> [WHAT IS BEING ASKED] Keeping pictures out, repeat the lines of the listing below exactly, starting at its first line and finishing with the one that holds "ՏԵՍԱՆՅՈՒԹ. Ռումինական Սևծովյան".
**** MATERIAL TO PROCESS ****
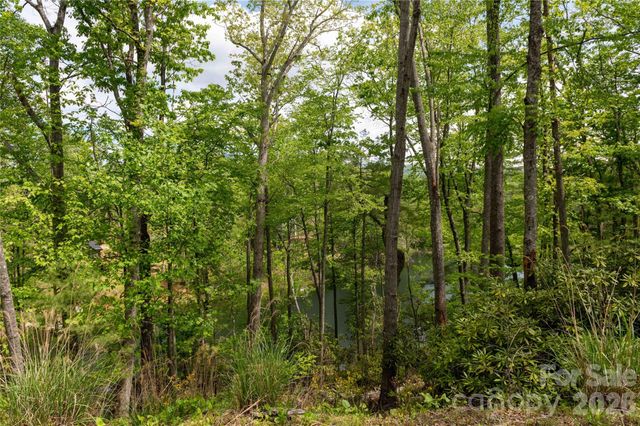 00 Deer Park Lake Road, Spruce Pine, NC 28777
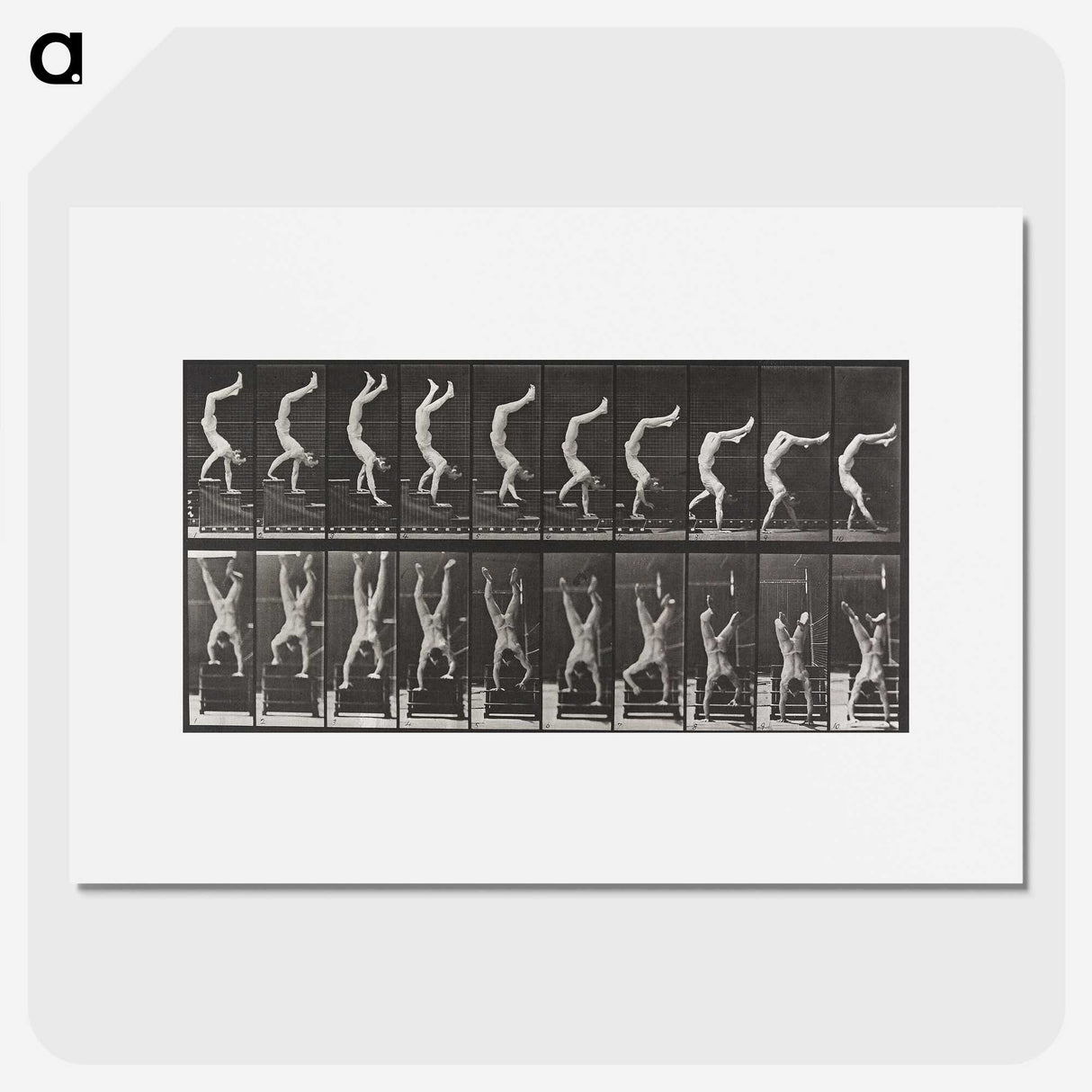 1-49_Eadweard-Muybridge_picture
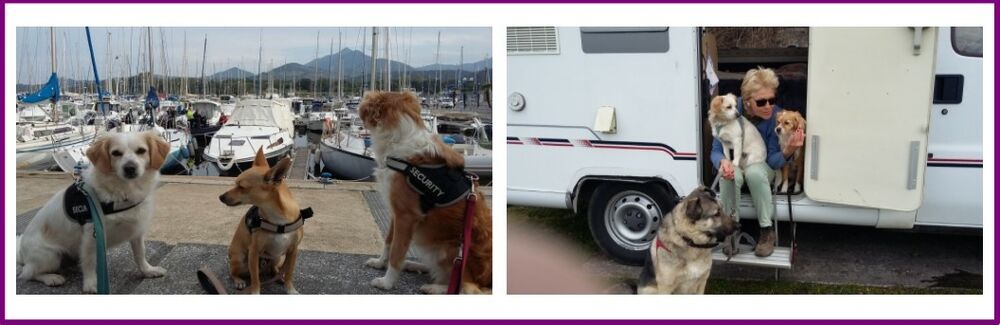 03 Carlos Collage Reise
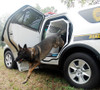 Havis K9-F18 Standard K9 Transport System, Ford Interceptor Utility 2013-19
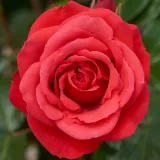 Ruža puzavica - diskretni miris ruže - crvena - Rosa Jive ™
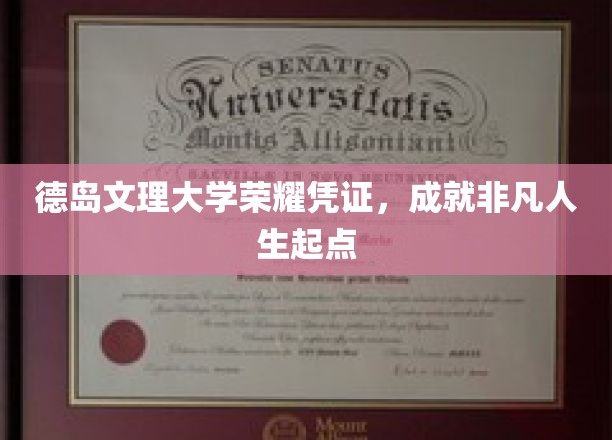 德岛文理大学荣耀凭证，成就非凡人生起点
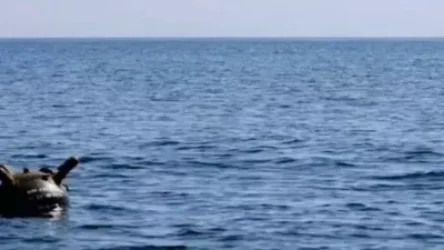 ՏԵՍԱՆՅՈՒԹ. Ռումինական Սևծովյան հանգստավայրում ռազմածովային ական է պայթել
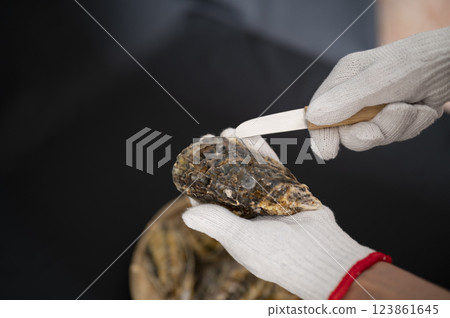 A woman with oysters in season in winter A woman with oysters in season in winter 123861645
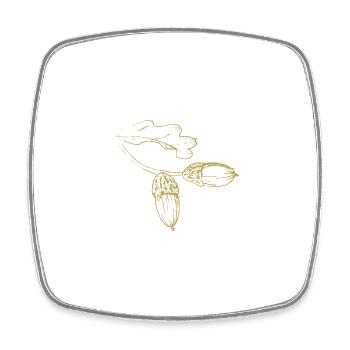 Illustrated Designs Green Splendor with Acorn - Square fridge magnet - white - Front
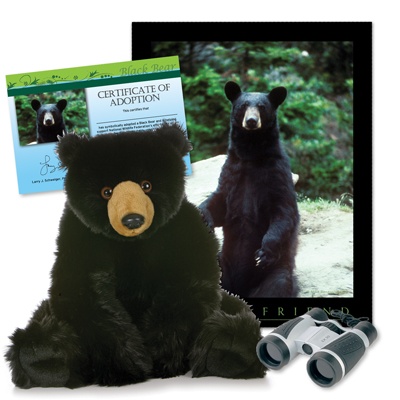 Adopt a Black Bear - $150
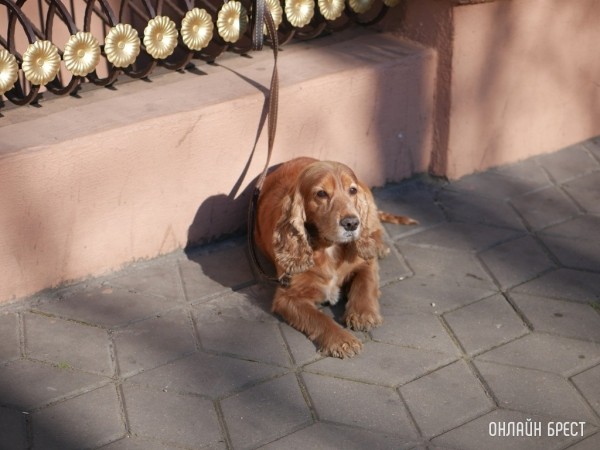 Коммунальные службы напоминают о штрафах за незарегистрированных домашних животных Коммунальные службы напоминают о штрафах за незарегистрированных домашних животных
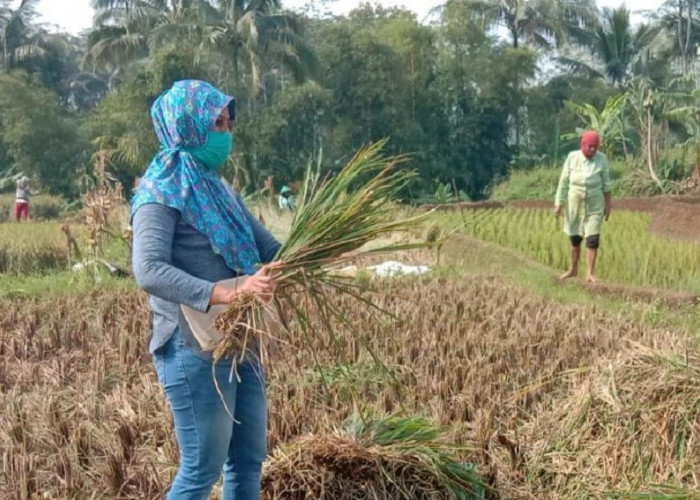 8 Hektar Lahan Gagal Panen di Purbalingga Dapat Ganti Rugi Asuransi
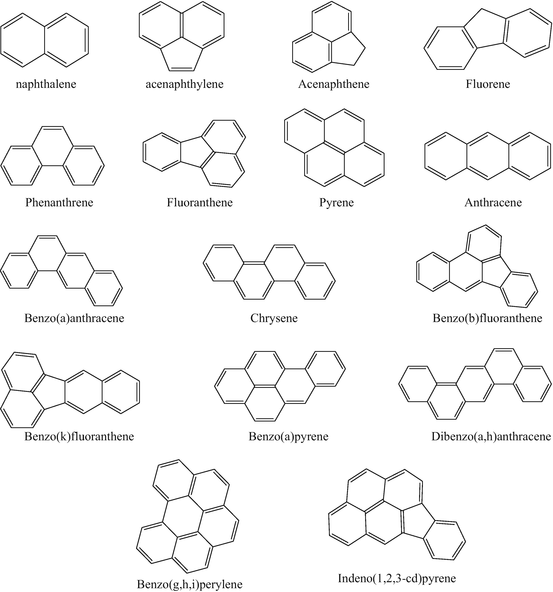 Introduction to Analytical Methodologies for the Control of Particle-Phase Polycyclic Aromatic Compounds from Diesel Engine Exhaust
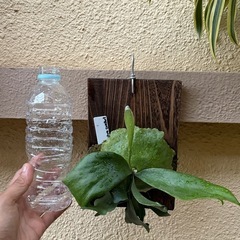 ビカクシダ　ビフルカツム コンパクト の画像
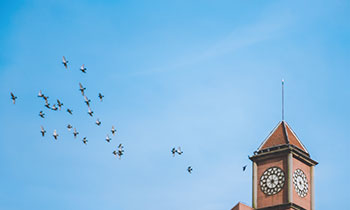 3868la银河总站(china)股份有限公司 - Make It Possible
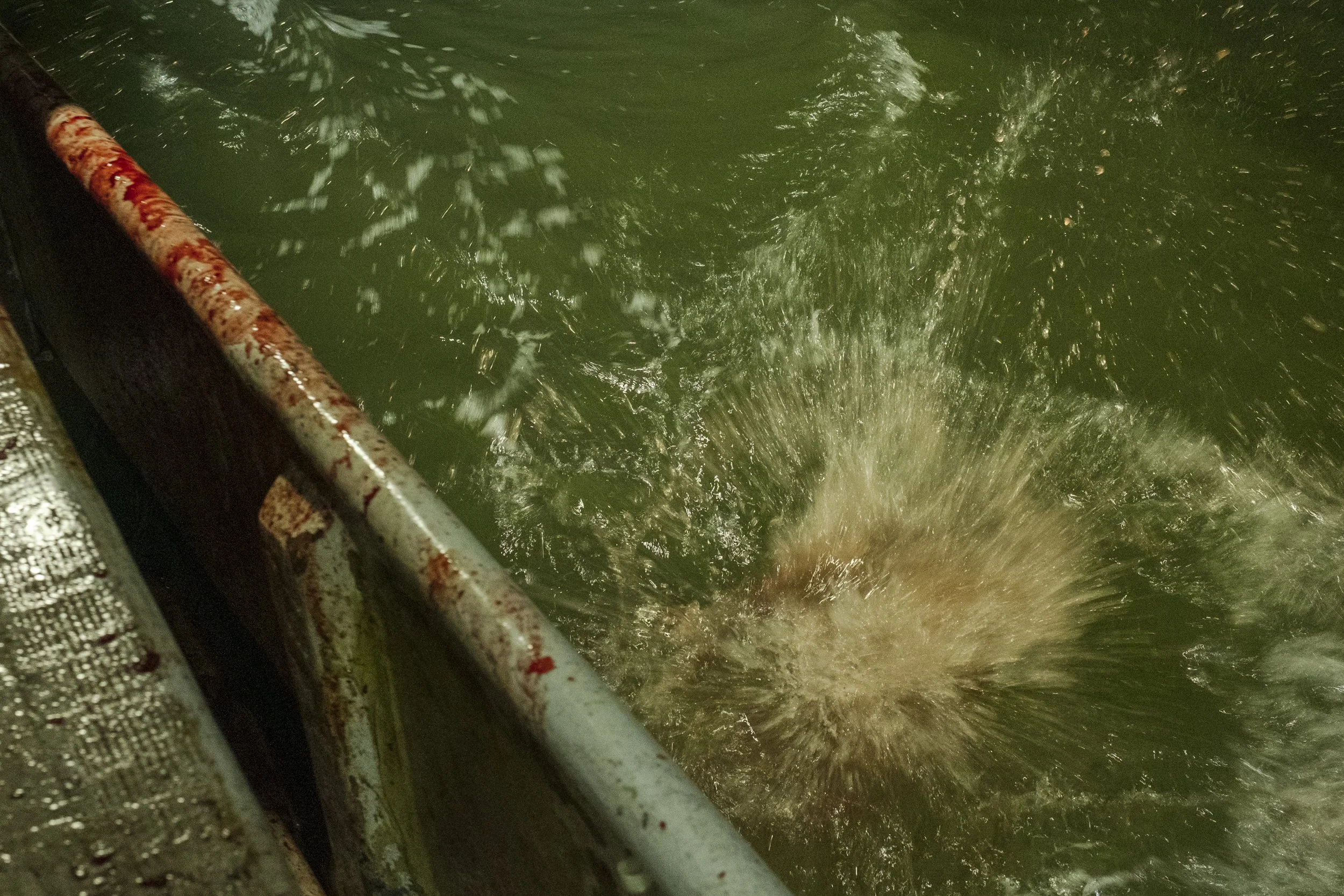 Close-up of turbulent water splashing in a green-colored water tank or container, with a rusty metal edge visible on the left side.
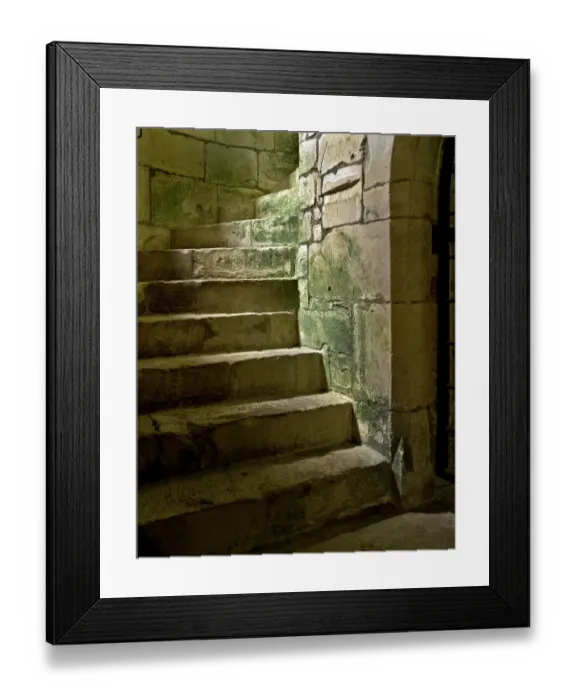 Framed Print : Old Wardour Castle N100310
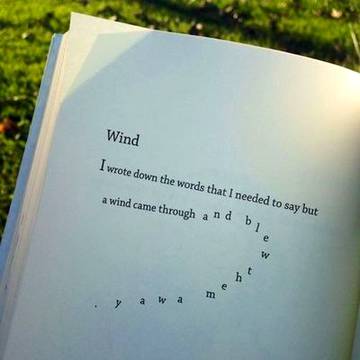 Blew then away...🌺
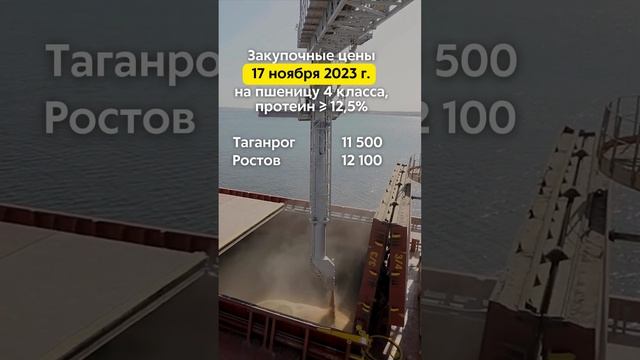 Закупочные цены 17.11.2023г. на пшеницу 4 класса (протеин ≥ 12,5%) в портах Азовского и Чёрного мор смотреть онлайн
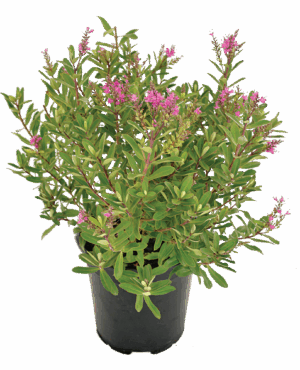 Hebe 'Wiri Joy'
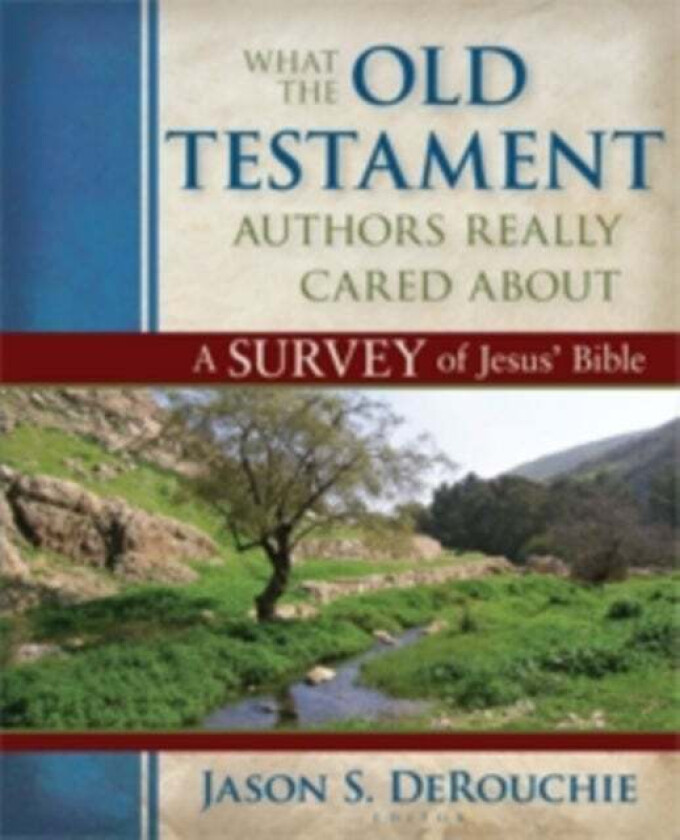 What the Old Testament Authors Really Cared Abou ¿ A Survey of Jesus` Bible av Jason Derouchie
****
> [SOLUTION TO THIS EXERCISE]
 00 Deer Park Lake Road, Spruce Pine, NC 28777
 1-49_Eadweard-Muybridge_picture
 03 Carlos Collage Reise
 Havis K9-F18 Standard K9 Transport System, Ford Interceptor Utility 2013-19
 Ruža puzavica - diskretni miris ruže - crvena - Rosa Jive ™
 德岛文理大学荣耀凭证，成就非凡人生起点
 ՏԵՍԱՆՅՈՒԹ. Ռումինական Սևծովյան հանգստավայրում ռազմածովային ական է պայթել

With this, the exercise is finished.